A federal judge this week issued a preliminary injunction against a Pennsylvania retirement plan administrator accused of embezzling at least $5.5 million in assets from multiple plans.
The action by the U.S. District Court for the Western District of Pennsylvania follows a complaint and motion filed by the U.S. Department of Labor in January and an emergency temporary restraining order issued earlier this month.
The order bars defendants RiversEdge Advanced Retirement Solutions LLC in Sewickley, Pennsylvania, and owner Paul Palguta from further involvement with trust assets and from serving as fiduciaries or service providers to any plans covered by the Employee Retirement Income Security Act of 1974, or ERISA.
The court order also forbids RiversEdge, a third-party administrator of at least 240 retirement plans, and Palguta from withdrawing any funds from two corporate accounts into which they are alleged to have illegally transferred plan assets, except for court-ordered payment of independent fiduciary fees.
It also requires them to preserve all relevant records for transfer to a court-appointed independent fiduciary, and requires the independent fiduciary to oversee an accounting of 17 allegedly mismanaged plans.

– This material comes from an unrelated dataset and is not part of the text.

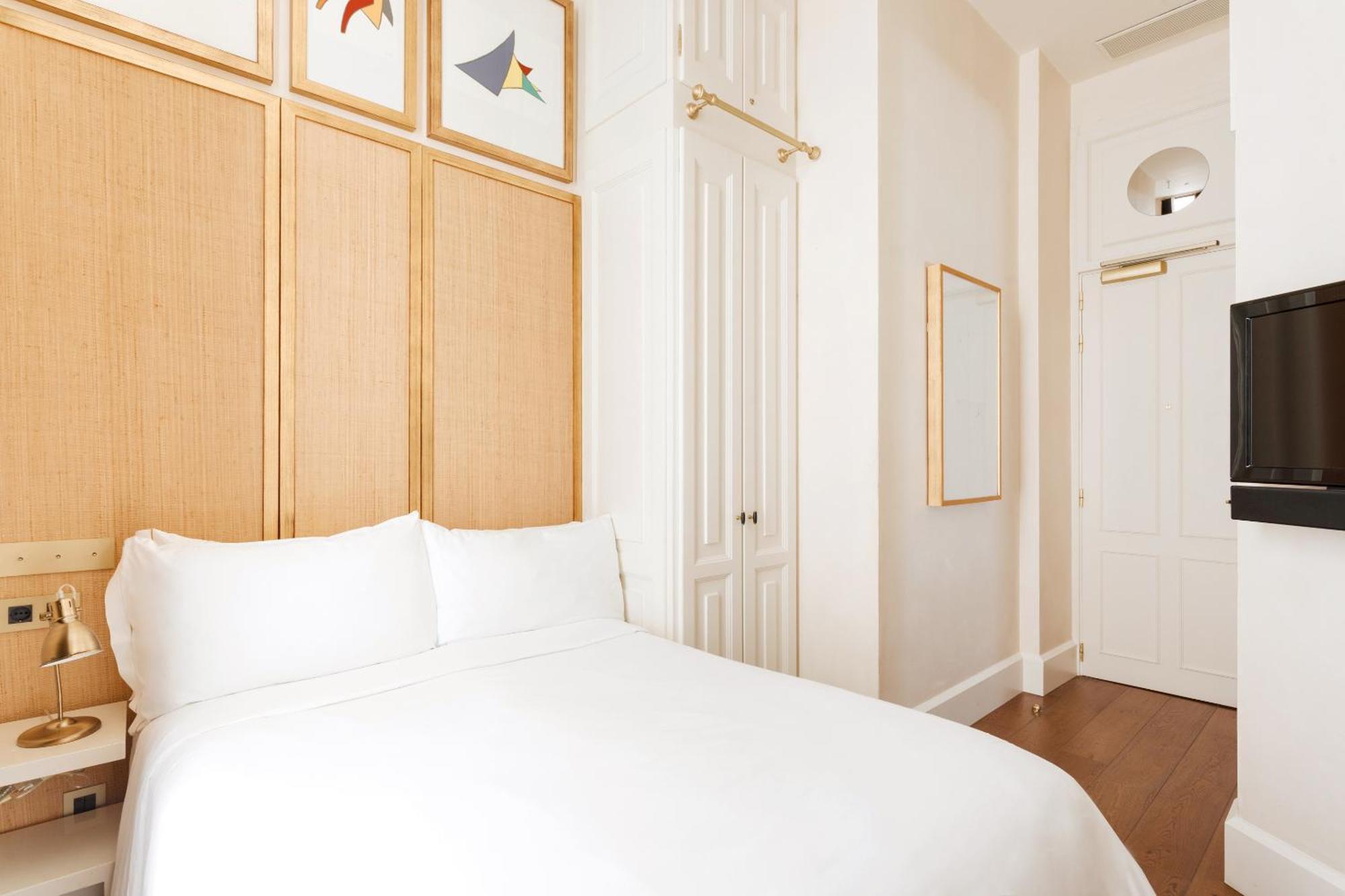 Do Placa Reial Powered By Sonder Barcelona Room photo A room at the Standard East Village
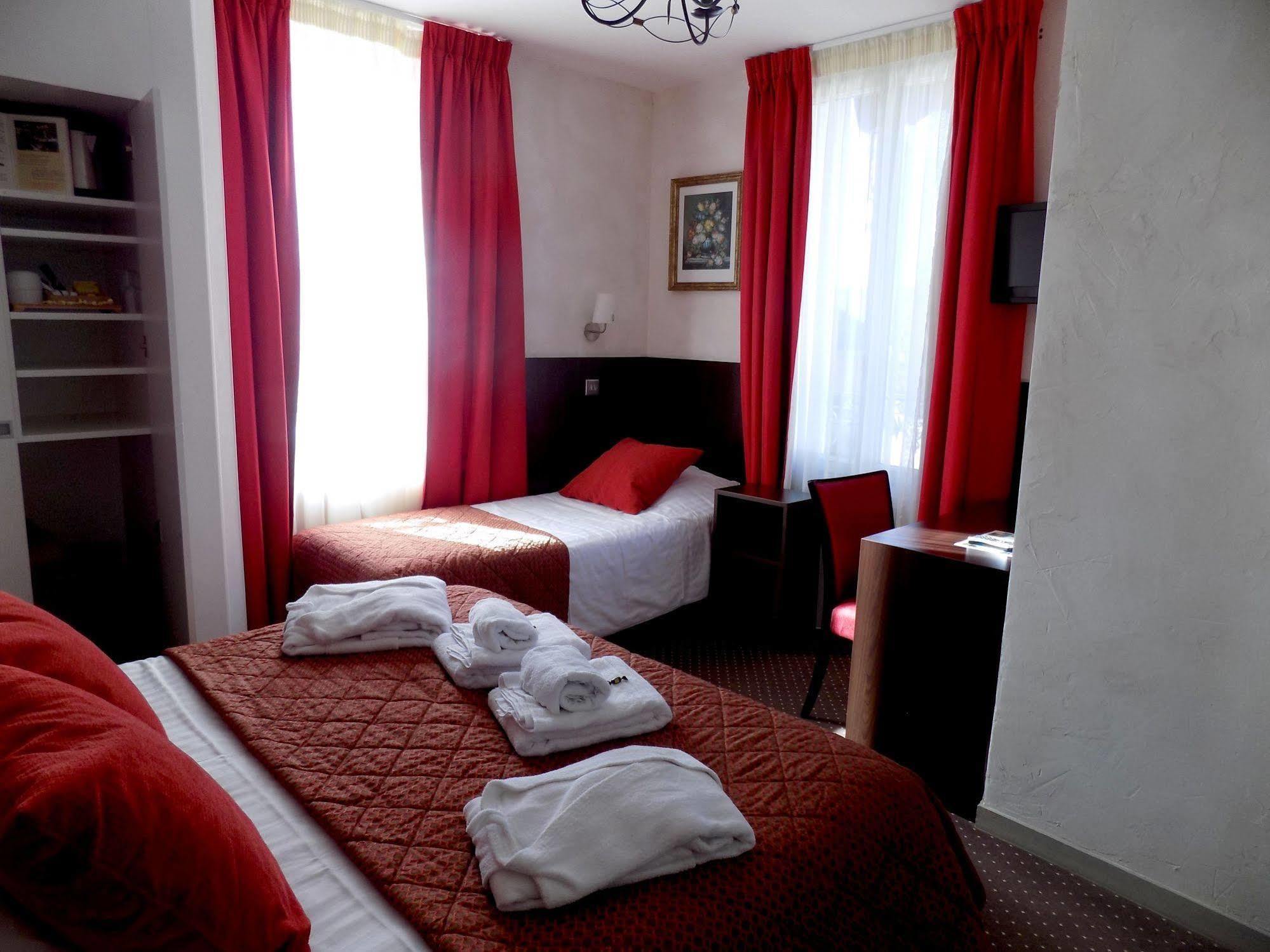 Logis Hotel La Breche - Restaurant Berthelot 엉부와스 외부 사진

Fourteen of the allegedly mismanaged plans are covered by ERISA, according to the preliminary injunction.
The allegedly mismanaged plans include the nonprofit Christian Aid Mission's 403(b) plan, an LCBC Church 403(b) and the St. Barnabas Health System Retirement Savings Plan, according to the injuction order.
The plans that RiversEdge administered hold millions of dollars in assets, DOL said in a release. ERISA covers at least 229 of these retirement plans.
An investigation by the department's Employee Benefits Security Administration determined RiversEdge and Palguta violated ERISA.